▶ Prompt
Every line below from the one with "this 1270×952 image." through the one with "this 400×600 image." should be retyped exactly, both ends included; no other lines and no pictures.

Record excerpts Start Marker

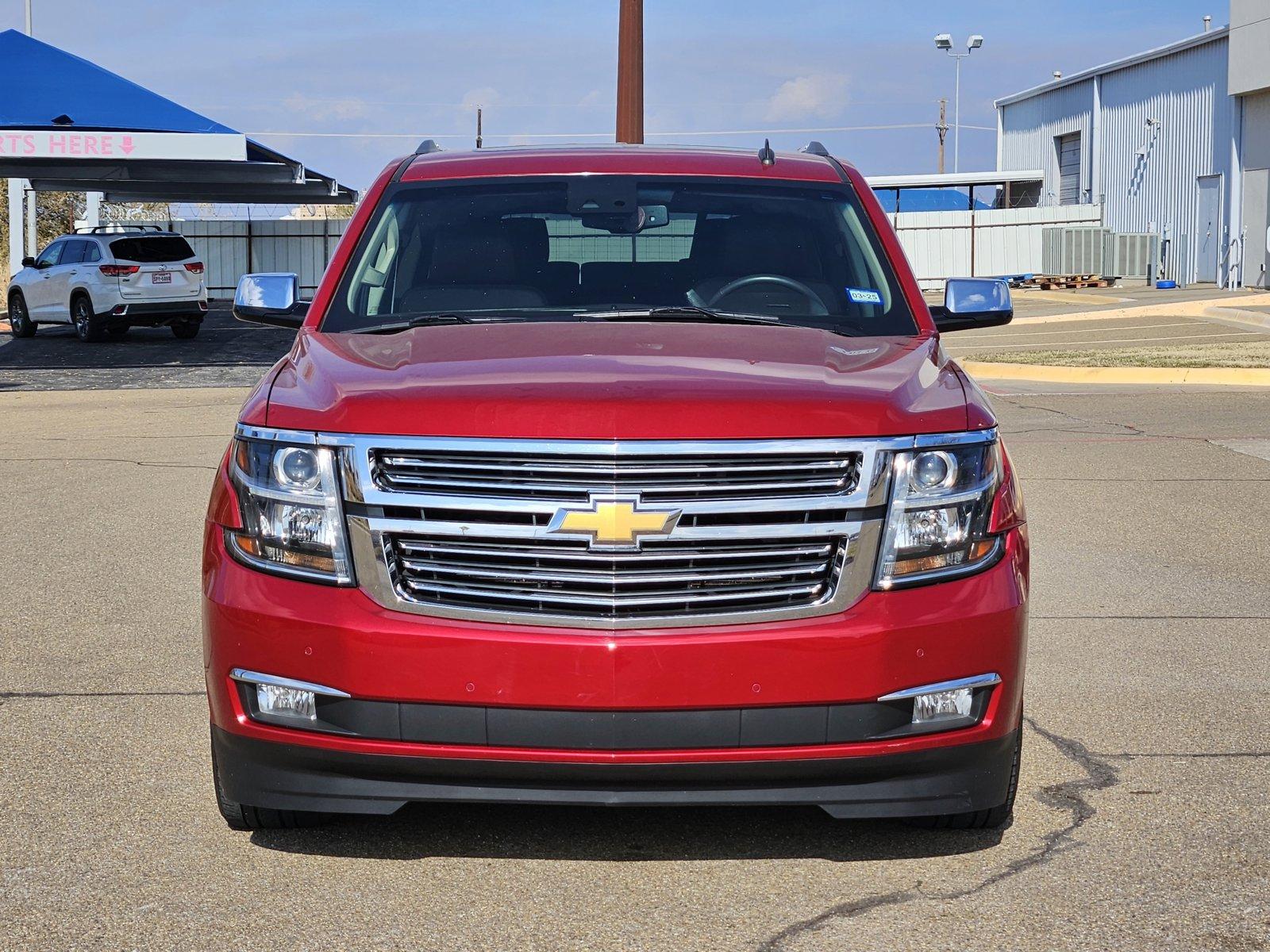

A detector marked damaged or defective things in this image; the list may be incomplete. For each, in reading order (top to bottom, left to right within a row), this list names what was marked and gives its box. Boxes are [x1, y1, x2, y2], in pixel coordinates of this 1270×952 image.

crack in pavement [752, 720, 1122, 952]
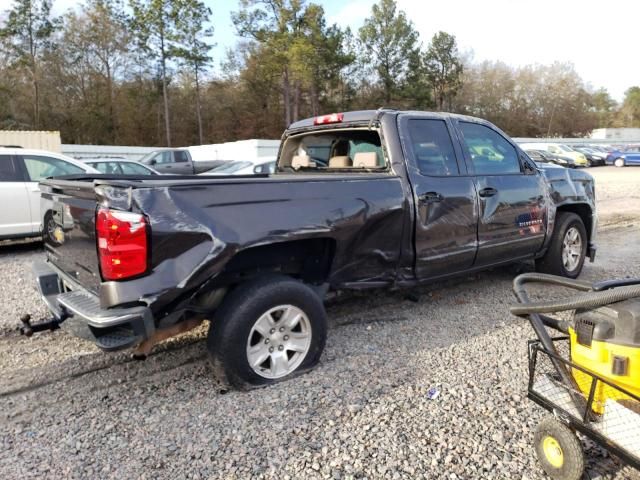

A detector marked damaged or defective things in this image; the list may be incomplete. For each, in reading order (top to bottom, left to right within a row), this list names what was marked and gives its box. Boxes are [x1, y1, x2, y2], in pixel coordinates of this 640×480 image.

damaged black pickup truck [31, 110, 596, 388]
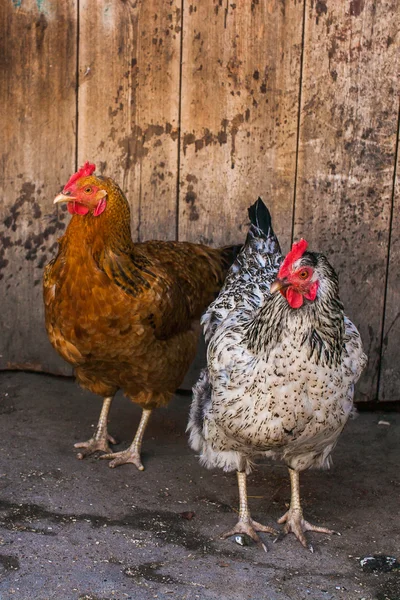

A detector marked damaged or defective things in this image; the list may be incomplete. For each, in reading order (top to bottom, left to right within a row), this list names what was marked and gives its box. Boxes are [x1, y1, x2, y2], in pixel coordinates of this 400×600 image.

Record excerpts End Marker
Record excerpts Start Marker

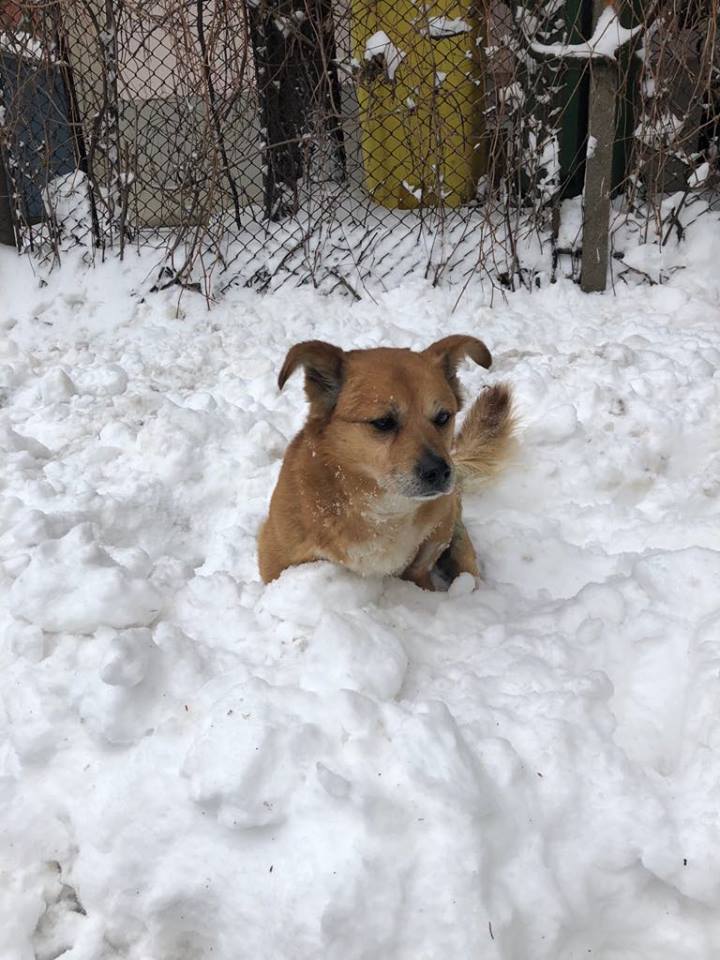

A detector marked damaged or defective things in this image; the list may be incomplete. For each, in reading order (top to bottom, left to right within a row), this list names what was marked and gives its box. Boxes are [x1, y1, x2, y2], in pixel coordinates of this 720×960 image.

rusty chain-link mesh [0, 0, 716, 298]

Record excerpts End Marker
Record excerpts Start Marker

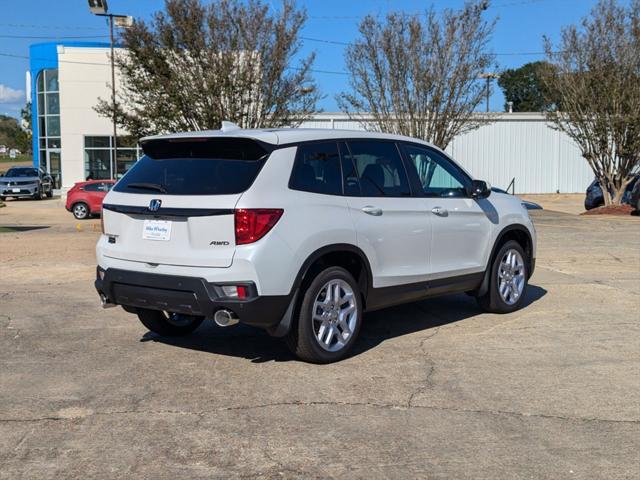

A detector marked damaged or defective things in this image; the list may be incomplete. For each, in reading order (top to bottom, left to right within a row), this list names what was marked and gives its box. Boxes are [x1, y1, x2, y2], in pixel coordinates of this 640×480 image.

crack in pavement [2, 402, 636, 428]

Record excerpts End Marker

▶ Reply
A detector marked damaged or defective things in this image; the list may be incomplete. For each, in reading order (top to bottom, left to right within a row), this list names what was marked and gives its box. Boxes are [x1, y1, x2, y2], in pixel coordinates of this 1270×952 image.

crack in pavement [752, 720, 1122, 952]

A detector marked damaged or defective things in this image; the list may be incomplete. For each, in reading order (top to bottom, left to right within a row), this list names what was marked and gives its box. Boxes are [x1, y1, x2, y2], in pixel coordinates of this 640×480 image.

damaged black pickup truck [31, 110, 596, 388]

A detector marked damaged or defective things in this image; the list may be incomplete. For each, in reading order (top to bottom, left to right within a row), this list names what was marked and gives its box. Boxes are [x1, y1, x2, y2], in pixel coordinates of this 400×600 image.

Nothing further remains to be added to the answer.